== The problem ==
Output only the lines below from the one containing "timeline-ban-hang-vinhomes-global-gate" to the one containing "Preview for 62", exactly as written, both ends kept.

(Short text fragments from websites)
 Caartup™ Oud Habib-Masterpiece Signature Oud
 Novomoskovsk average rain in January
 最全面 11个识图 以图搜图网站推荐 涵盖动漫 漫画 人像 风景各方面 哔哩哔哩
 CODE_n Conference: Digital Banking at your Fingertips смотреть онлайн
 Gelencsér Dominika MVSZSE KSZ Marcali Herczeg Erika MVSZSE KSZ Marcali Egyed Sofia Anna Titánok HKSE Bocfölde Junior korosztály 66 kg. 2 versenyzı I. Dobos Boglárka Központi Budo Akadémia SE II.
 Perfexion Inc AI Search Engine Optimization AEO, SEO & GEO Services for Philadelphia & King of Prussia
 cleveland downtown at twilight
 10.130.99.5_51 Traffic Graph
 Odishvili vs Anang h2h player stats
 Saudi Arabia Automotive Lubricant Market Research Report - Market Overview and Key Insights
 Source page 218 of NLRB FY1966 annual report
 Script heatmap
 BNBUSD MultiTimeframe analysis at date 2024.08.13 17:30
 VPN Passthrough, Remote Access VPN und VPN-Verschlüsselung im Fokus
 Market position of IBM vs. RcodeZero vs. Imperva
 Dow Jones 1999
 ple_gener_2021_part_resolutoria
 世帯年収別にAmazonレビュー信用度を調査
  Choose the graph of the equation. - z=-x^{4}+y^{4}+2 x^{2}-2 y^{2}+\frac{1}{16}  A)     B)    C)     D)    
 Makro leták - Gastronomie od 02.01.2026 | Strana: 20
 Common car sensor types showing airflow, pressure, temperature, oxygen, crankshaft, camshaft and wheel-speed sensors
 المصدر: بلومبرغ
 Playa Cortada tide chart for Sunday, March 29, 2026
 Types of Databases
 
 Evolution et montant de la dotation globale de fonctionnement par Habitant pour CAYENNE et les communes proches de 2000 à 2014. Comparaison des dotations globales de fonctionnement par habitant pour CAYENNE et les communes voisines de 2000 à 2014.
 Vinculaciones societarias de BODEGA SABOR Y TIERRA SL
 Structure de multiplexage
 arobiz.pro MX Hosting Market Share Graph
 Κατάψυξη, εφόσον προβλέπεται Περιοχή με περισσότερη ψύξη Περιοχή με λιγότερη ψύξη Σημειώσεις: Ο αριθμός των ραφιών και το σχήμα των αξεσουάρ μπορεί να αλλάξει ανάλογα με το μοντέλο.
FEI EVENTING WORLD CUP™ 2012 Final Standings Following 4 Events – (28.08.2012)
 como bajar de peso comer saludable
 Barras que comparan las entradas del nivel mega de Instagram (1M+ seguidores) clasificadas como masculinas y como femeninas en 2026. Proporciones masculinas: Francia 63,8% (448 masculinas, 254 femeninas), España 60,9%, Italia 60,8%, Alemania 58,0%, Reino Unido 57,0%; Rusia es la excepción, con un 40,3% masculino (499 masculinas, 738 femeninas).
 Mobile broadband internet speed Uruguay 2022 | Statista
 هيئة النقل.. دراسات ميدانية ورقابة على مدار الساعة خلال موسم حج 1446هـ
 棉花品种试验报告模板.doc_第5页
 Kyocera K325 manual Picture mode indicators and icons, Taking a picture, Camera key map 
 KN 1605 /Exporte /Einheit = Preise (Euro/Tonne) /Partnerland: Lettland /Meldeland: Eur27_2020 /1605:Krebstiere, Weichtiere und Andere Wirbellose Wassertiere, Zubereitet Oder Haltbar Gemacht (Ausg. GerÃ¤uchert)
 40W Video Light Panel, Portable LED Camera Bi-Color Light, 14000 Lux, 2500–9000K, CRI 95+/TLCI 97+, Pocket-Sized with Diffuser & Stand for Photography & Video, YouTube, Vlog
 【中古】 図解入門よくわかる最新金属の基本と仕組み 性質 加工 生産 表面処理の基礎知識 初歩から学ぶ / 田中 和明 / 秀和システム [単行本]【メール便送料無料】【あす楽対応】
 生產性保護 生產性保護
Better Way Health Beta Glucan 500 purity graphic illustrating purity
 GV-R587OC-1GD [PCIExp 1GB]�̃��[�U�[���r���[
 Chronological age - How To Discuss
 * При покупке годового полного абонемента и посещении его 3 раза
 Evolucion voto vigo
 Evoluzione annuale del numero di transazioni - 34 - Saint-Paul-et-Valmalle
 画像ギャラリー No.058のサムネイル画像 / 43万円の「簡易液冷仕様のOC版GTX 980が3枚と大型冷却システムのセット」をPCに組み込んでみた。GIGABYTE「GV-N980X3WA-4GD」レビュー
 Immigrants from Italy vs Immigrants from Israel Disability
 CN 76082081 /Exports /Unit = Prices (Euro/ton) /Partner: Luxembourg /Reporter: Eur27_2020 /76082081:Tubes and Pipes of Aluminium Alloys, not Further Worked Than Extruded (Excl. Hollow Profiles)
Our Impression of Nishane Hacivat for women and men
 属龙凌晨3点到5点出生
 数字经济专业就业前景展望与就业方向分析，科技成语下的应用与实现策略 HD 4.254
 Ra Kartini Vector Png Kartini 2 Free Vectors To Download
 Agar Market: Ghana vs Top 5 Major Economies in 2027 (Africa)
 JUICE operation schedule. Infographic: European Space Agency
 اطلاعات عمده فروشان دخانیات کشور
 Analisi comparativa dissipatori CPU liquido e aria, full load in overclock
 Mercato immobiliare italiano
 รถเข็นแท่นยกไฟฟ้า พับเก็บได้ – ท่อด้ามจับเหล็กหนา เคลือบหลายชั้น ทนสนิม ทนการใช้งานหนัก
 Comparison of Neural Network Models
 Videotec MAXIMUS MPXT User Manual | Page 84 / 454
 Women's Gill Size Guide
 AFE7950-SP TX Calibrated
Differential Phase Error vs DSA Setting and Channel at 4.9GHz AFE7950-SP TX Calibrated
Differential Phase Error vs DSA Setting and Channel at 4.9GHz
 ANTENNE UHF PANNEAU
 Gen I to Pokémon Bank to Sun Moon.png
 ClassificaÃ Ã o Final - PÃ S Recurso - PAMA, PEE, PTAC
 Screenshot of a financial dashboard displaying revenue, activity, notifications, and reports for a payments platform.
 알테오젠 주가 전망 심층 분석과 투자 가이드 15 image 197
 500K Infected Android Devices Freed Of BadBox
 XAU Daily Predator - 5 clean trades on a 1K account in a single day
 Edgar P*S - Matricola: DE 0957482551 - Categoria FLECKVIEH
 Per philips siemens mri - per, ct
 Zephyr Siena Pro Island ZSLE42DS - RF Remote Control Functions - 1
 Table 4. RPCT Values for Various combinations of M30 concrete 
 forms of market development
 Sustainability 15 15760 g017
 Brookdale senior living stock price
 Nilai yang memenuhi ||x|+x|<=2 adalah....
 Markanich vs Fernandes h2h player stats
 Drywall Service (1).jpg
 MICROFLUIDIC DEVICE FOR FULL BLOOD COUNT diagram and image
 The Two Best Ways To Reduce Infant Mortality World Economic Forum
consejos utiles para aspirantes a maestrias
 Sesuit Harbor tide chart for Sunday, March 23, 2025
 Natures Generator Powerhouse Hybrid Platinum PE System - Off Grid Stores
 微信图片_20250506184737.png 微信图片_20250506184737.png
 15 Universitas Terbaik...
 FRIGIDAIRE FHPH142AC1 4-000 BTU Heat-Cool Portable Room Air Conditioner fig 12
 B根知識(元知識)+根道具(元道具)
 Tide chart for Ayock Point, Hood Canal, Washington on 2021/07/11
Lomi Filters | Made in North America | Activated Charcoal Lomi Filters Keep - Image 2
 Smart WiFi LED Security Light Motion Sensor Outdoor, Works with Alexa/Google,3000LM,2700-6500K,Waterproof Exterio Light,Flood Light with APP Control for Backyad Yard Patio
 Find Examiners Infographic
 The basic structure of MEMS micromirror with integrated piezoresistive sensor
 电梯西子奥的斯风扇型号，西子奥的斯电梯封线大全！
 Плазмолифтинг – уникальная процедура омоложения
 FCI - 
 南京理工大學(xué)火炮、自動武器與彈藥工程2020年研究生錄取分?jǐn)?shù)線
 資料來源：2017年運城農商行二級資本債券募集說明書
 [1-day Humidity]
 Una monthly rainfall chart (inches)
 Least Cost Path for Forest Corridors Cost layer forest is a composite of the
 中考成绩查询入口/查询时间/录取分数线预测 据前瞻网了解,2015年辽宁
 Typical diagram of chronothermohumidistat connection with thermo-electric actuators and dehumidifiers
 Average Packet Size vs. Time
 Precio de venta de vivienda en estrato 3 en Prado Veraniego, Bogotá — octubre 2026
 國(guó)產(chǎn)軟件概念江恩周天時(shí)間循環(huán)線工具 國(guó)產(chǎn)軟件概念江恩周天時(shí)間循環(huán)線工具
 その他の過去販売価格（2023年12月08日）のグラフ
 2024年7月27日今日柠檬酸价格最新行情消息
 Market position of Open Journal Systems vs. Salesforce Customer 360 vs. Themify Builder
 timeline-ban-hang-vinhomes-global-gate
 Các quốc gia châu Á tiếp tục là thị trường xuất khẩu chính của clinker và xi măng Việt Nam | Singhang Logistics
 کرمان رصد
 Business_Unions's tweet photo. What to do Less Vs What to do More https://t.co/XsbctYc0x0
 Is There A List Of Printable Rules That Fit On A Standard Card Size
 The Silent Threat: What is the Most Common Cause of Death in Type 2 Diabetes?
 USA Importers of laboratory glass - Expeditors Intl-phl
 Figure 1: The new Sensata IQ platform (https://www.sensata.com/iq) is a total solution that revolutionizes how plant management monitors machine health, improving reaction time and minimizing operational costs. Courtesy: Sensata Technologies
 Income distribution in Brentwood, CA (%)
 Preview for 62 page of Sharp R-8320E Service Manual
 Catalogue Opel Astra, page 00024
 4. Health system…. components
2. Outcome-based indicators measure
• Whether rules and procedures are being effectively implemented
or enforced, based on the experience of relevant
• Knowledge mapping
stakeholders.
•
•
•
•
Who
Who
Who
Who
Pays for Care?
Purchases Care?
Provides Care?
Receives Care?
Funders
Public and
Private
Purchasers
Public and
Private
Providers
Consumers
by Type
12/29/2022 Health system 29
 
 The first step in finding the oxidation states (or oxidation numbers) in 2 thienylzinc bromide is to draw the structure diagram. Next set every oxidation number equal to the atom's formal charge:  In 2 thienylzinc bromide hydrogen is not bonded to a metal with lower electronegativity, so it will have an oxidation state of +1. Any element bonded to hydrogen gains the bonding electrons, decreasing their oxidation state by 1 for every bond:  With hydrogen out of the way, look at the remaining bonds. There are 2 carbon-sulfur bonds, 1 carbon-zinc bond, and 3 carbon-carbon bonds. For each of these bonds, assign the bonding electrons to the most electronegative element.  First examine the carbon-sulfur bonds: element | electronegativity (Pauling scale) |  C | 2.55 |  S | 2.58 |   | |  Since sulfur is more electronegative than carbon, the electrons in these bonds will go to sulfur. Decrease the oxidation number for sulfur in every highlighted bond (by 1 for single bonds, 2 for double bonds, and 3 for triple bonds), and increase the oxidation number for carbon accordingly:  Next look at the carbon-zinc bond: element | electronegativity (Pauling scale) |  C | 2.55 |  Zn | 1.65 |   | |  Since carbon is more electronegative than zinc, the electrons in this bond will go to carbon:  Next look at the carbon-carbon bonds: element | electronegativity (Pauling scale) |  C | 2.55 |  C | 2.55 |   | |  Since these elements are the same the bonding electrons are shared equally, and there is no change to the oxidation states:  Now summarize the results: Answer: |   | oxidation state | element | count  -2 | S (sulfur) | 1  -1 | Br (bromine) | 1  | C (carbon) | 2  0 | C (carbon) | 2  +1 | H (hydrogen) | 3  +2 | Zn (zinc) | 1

== Output for this exercise ==
 timeline-ban-hang-vinhomes-global-gate
 Các quốc gia châu Á tiếp tục là thị trường xuất khẩu chính của clinker và xi măng Việt Nam | Singhang Logistics
 کرمان رصد
 Business_Unions's tweet photo. What to do Less Vs What to do More https://t.co/XsbctYc0x0
 Is There A List Of Printable Rules That Fit On A Standard Card Size
 The Silent Threat: What is the Most Common Cause of Death in Type 2 Diabetes?
 USA Importers of laboratory glass - Expeditors Intl-phl
 Figure 1: The new Sensata IQ platform (https://www.sensata.com/iq) is a total solution that revolutionizes how plant management monitors machine health, improving reaction time and minimizing operational costs. Courtesy: Sensata Technologies
 Income distribution in Brentwood, CA (%)
 Preview for 62 page of Sharp R-8320E Service Manual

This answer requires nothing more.